For today, a bit of my own family’s story:
I have two teen sons who have now been through every type of local schooling found in this area. Thanks to our complex system of school choice, we don’t all end up going to the local elementary school. This, while it helps to equalize our education and integrate the Boston schools, is hard on communities and families. Relationships are fractured and families an grow distant when friends end up in different schools.
We had this experience when my kids were accepted into an excellent charter school for kindergarten. We lived in Jamaica Plain, and the school was in Dorchester. The long commute was daunting, and none of our local friends went to school there. After four years we had a sense of the pros and cons. The schools was passionate about education for the urban poor, but we didn’t belong to that demographic. There were kids with serious discipline problems in every class, and they would eat up much of the teacher’s energy.
But more significantly, I found myself at odds with the teaching philosophy that set fixed goals for such young kids. One of my sons “fell behind” the benchmark for reading at his grade-level. He was tested for every known learning disability, and nothing came up. In the end, he was just a little slow in that area, and didn’t really like to read. The stress of the testing and the labelling was the final straw for that school. And it’s been a problem I’ve reckoned with at every pubic school my sons have attended.
My biggest motivation for creating JP Green School is my sense that we are rushing our kids, submitting them to constant judgement (in the form of tests), and thereby teaching them to dislike learning itself. This isn’t education–this is the opposite of education.
We left that school for a great Montessori school just outside of Boston, and spent 8 happy years there.

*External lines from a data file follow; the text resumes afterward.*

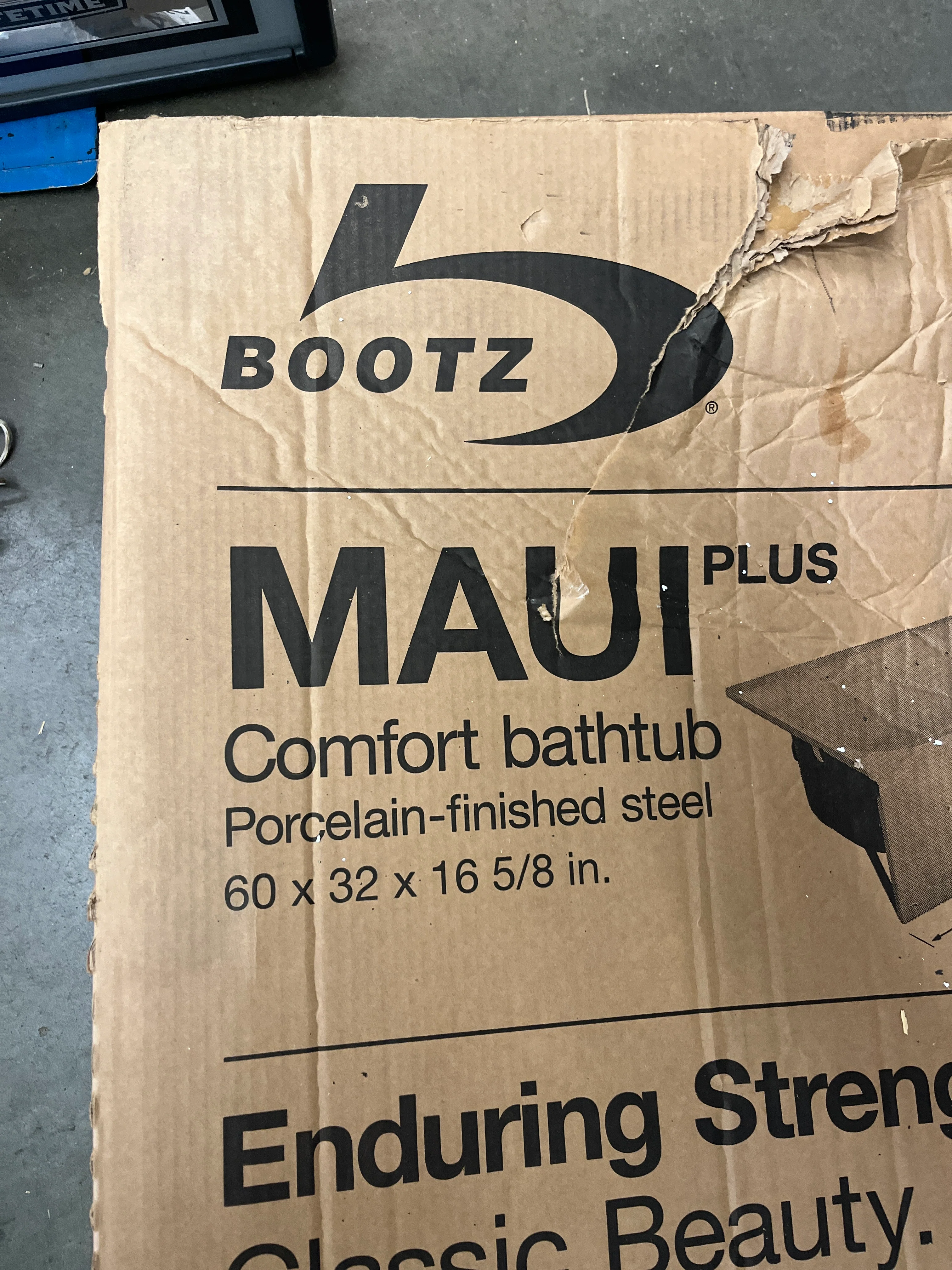 Bootz Industries - Maui Plus 60 in. x 32 in. Soaking Bathtub with Left Drain in White - Retail $384 - Image 2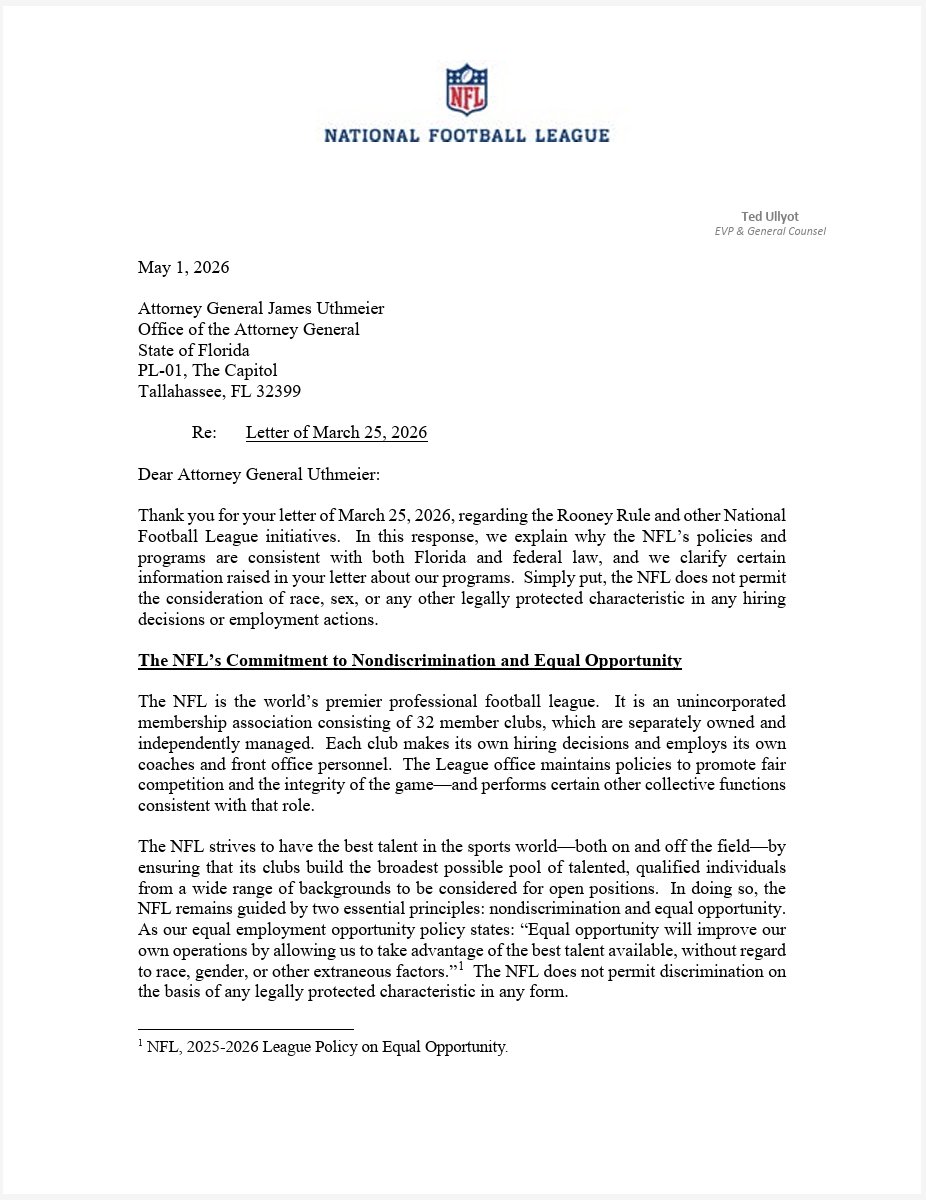 NickiJhabvala's tweet photo. The NFL responded to Florida Attorney General James Uthmeier's assertion that the Rooney Rule violates Florida law with a four-page letter, dated May 1. https://t.co/O3PoCkF7fa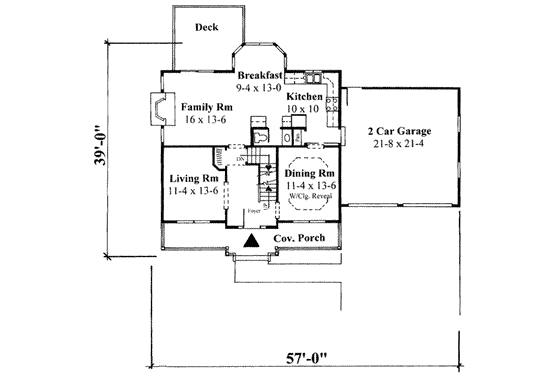 Floor Plan - Main Floor for Traditional House Plan #75-160 - 3 bed, 2.5 bath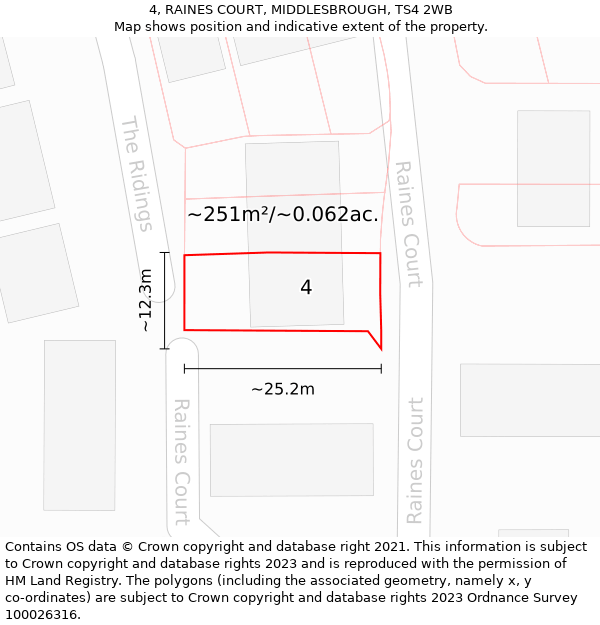 4, RAINES COURT, MIDDLESBROUGH, TS4 2WB: Plot and title map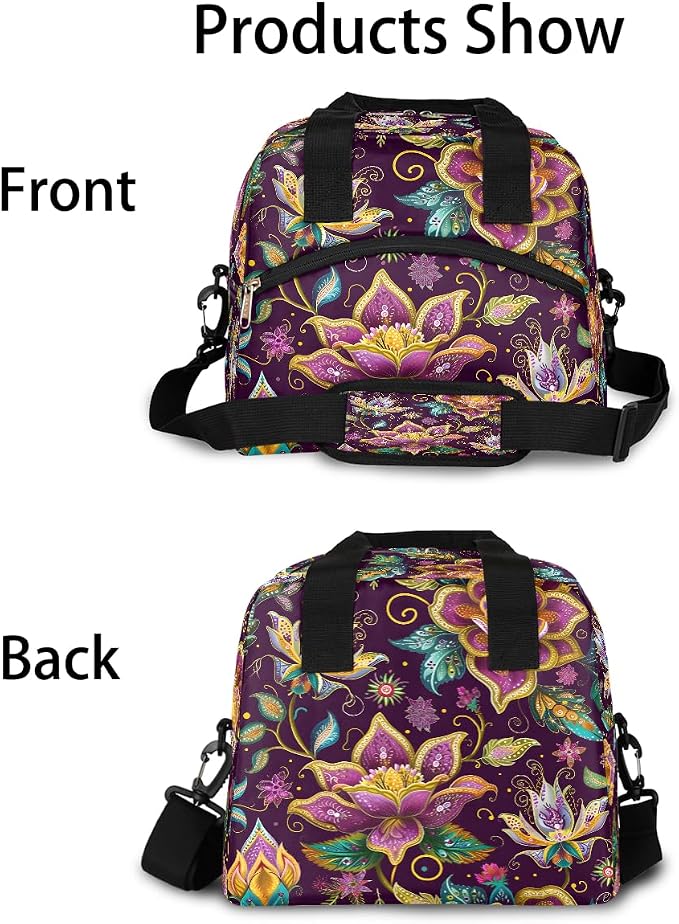 Pardick Ethnic Flower Purple Insulated Lunch Bag for Women Girl Reusable Lunch Tote Box With Shoulder Strap Lightweight Thermal Cooler Meal Prep Bag for Work School Office Picnic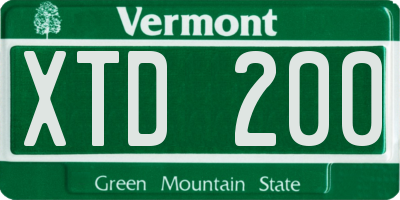 VT license plate XTD200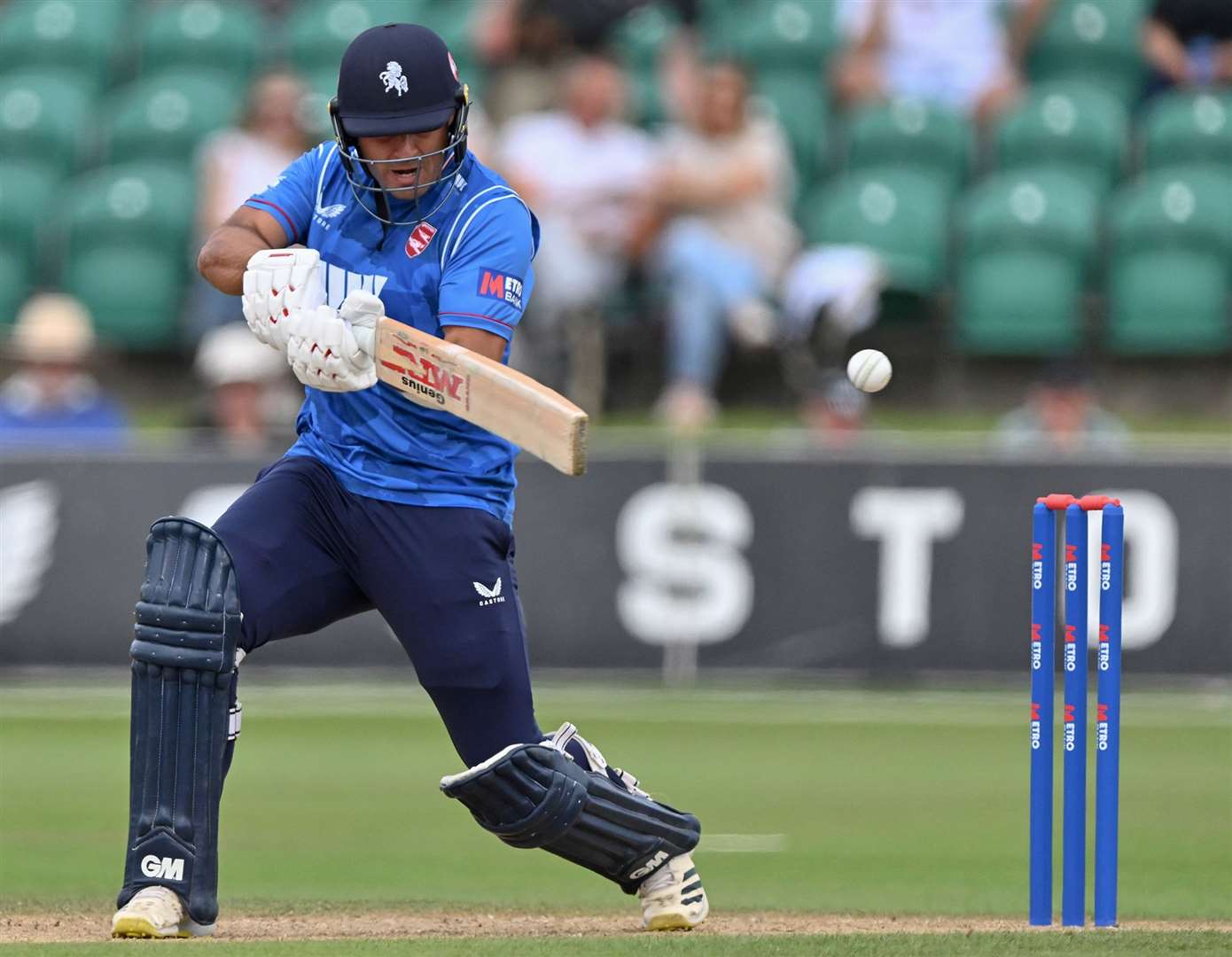 Beyers Swanepoel - went early for Kent Spitfires against Middlesex at Beckenham. Picture: Keith Gillard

Montessori taught me much of what I know about child-directed learning, creating an environment of joy, and a community of love and support. I use those principles every day when I teach at JP Green School.
Over time, however, I came to see that much of that environment could be created at much lower cost, within a community of homeschoolers. Our beloved school cost about 20k/year. This is very cheap for a private school, many of which cost twice that! But it’s still an outrageous sum and could easily be almost 1/2 the income of a middle-class family.
I’ll continue the story of my own family later. Right now I’ll just end with my current working budget for a happy homeschooling experience. By my calculations, a family can homeschool a child easily for 8k/year. Of course it can also be done for less, depending on how self-directed the child is, and how much the parents are available. But I’m working from my “optimal scenario”, which is what I devised for my own homeschooler. (More later on that story.)
In this figure I’m assuming 2-3 days/week in a program like JP Green School, Parts and Crafts, or Macomber Center. These free schools are not cheap, but they’re well worth a few thousand a year to give the child and the family a home-base for their experience. Those few days can then be supplemented with a variety of wonderful courses, workshops, and programs all over the city, and also self-guided or community-led study.
In upcoming blogs I’ll feature a few of the local free schools and what they offer.